Establish Clear Time Tables
It’s a big deal because you’ve budgeted your time and people power to have this project done on a certain date and you expected to have until that date, right? Right off the bat, establish a timetable, and not just some vague time in the future but a specific date and, I’ve even gone as far as a specific time on that specific date: end of day, beginning of the day, three o’clock, whatever you decide, but make it stick.
Put It In Writing
After you’ve done all this, put it in writing and have all the main players sign off on it. I can count on my fingers and toes the number of new companies I’ve seen enter “handshake deals” with clients and then end up with more work than they can handle. This can be great if you’ve got the manpower but, more often than not, you’ll get dragged down, miss deadlines and everyone ends up unhappy.
If you’re a business, I assume you’ve got some semblance of a legal department, but if you’re independent, there are some great resources to help you get an idea of what this kind of contract should look like.
Have A Single Point Of Contact
Draw straws, have a beer pong contest, a sack race or just let the new guy do it, but determine a single point of contact for a given project. There’s nothing worse than when a client doesn’t know who to call and ends up calling literally everybody.
Don’t Be Afraid To Say "No"
If you’ve worked with this client before, don’t be surprised if they call you in the middle of a project and say something along the lines of this: “Hey, we need you to do some extra work on the project. We know we didn’t agree to it but we’re willing to pay a little more.”
This can be a good problem to have, but workplace stress and burnout are becoming huge problems in America and one of the leading causes of mental health issues that lead to employee turnover. If you’ve already got a full plate, don’t keep slopping on more food. Chances are, the client will understand. Plus, you’ve got the contract to back you up, right?
Don’t Be Afraid To Say "Yes"
On the other hand, if you think you can take on more work, by all means go for it. Just keep the above statement in mind.
Don’t Minimize Their Issues
When issues come up (and they will come up) the worst thing you can do is minimize their issues by brushing them off either implicitly or explicitly.
Instead, let the client know that you hear them and are going to take steps to remedy what’s wrong. Of course, sometimes their issues in no way relate to you or your work and they're likely just blowing off steam in your general direction (this happens more than you think). Either way, hear them out and treat them with respect.
Make It RightIf there was a mistake on your end, take steps to immediately make it right:
• Take responsibility.
• Offer them something. If the mistake was major, a discount on this project -- or better yet, future services -- might be in order. If the mistake was minor, the apology should do.
• Take steps not to let it happen again.
Never Lose Your Cool
Above all, never lose your cool in front of a client. Have it out with your staff at happy hour, but don’t do it in the meeting room. There are plenty of steps you can take if things start to get heated in the workplace to ameliorate the pressure and make sure things don’t blow up.
Don’t Fear Walking Away
Finally, if things just aren’t going the way either of you had imagined, maybe it’s time to break up.
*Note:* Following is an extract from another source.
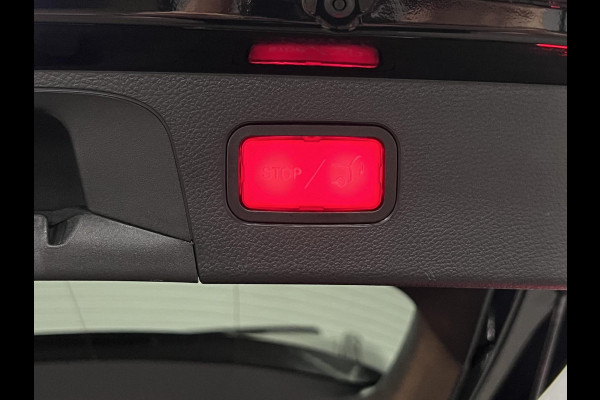 Mercedes-Benz GLC 300e 4MATIC AMG Trekhaak | Burmester | Adapt. cruise | open dak | Stoelverwarming | Achteruitrij camera | Carplay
Many times, an amicable separation is better than delivering subpar work to an unhappy client, so don’t be afraid to walk away. Or, if they’re being particularly cruel or mean-spirited (yes, these people exist), don’t be afraid to fire them. There will be other clients, I promise.
I hope you never have to deal with a problem client, but in the event that you do, hopefully, you’ll find these tips helpful. Good luck out there!